Three quality of life surveys were conducted during the course of this study. Although none of the surveys showed significant improvements with OGF, they also did not show that the quality of life deteriorated. Crippa and colleagues31
recently published results of a quality of life analysis in different stages of pancreatic cancer. Using the Functional Assessment of Cancer Therapy survey, in contrast to the three quality of life surveys employed in the current study, Crippa and colleagues concluded that the quality of life significantly decreased in subjects with metastatic pancreatic cancer. These investigators thought that the decreased quality of life was either due to the chemotherapy or the progression of the disease. Since biotherapy with OGF did not cause the same toxic side effects as chemotherapy, this may account for the fact that patients in the present study did not show a decrease in their quality of life. Another reason that OGF treatment did not diminish quality of life may be related to the fact that the progression of disease was slowed and survival increased.
The well-known toxicities reported with standard chemotherapeutic agents used in the treatment of pancreatic cancer, such as hematologic toxicities from bone marrow suppression32
and gastrointestinal mucosynovitis,33
was not observed with OGF. Other toxicities like hand-and-foot syndrome (palmar-plantar erythrodysesthesia or chemotherapy-induced acral erythema)34
seen with capecitabine therapy for pancreatic cancer, were similarly not observed in our study. Hypotension has been reported previously in pancreatic cancer patients treated with OGF in a phase I clinical trial21
with an occurrence of 43%. However, the incidence of hypotension in individuals enrolled this current study was less at 8%. This decreased incidence of hypotension was most likely due to the prolongation of the infusion time from 30 to 45 minutes utilized in the present study. Two subjects died prematurely from pulmonary embolism in this phase II trial. It is known that many patients with pancreatic cancer are in a hypercoagulable state (Trousseau’s syndrome), increasing the potential and incidence of thromboembolic events (both venous and arterial), particularly in the setting of advanced disease.35
Therefore, the occurrence of thrombophlebitis and pulmonary embolism in our two subjects may have been due to the pancreatic cancer rather than the treatment with OGF. However, Stein and colleagues36
found only 0.16% of deaths in pancreatic cancer subjects were related to pulmonary emboli; hence, further investigation is needed to determine whether this complication is a coincidence or potential side effect.

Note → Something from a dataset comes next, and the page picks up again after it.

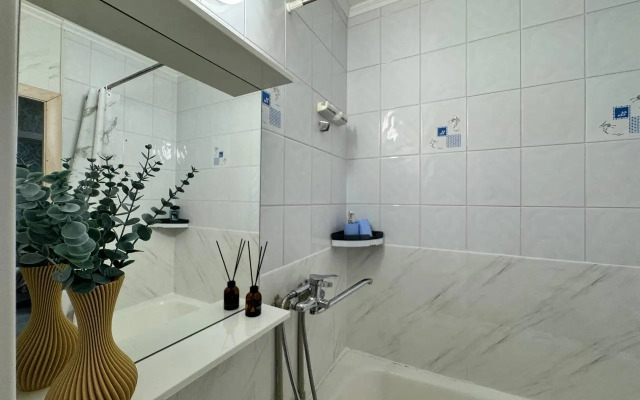 Uyutnye s Balkonom v Tsentre Goroda Apartments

Plasma enkephalin levels increased over the course of this study which may have been attributed to the administration of intravenous [Met5
]-enkephalin (OGF) and its accumulation in tissues. We previously reported that plasma enkephalin values were increased in human subjects with advanced pancreatic cancer without OGF treatment.37
The reason for the increase in the current study may be due to several possibilities including: tissue accumulation, a compromising of the OGF-OGFr pathway, or the body’s natural response to fighting off a malignancy.

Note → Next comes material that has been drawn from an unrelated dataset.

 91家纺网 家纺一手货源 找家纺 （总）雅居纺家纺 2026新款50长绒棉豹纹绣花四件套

Since clinical benefit and survival in our patients with advanced pancreatic cancer who had previously failed other treatments was markedly improved, these data support the rationale for testing this biological agent in the treatment of naïve patients where the tumor burden is less and perhaps not yet drug resistant. Additionally, further studies whereby OGF is combined with standard therapy such as gemcitabine to potentiate the cytotoxic effects of chemotherapy drugs should also be considered. Indeed, we have shown in vitro
and in an animal model that the combination of gemcitabine with OGF significantly decreases pancreatic cancer tumor growth compared to either agent alone, and OGF treatment also reduced the toxic effects of gemcitabine.38
Given the aggressive nature of pancreatic cancer and its resistance to standard chemotherapeutic regimens, it may be that OGF in combination with gemcitabine given at the time of diagnosis may be a powerful therapeutic modality for treatment of this deadly disease.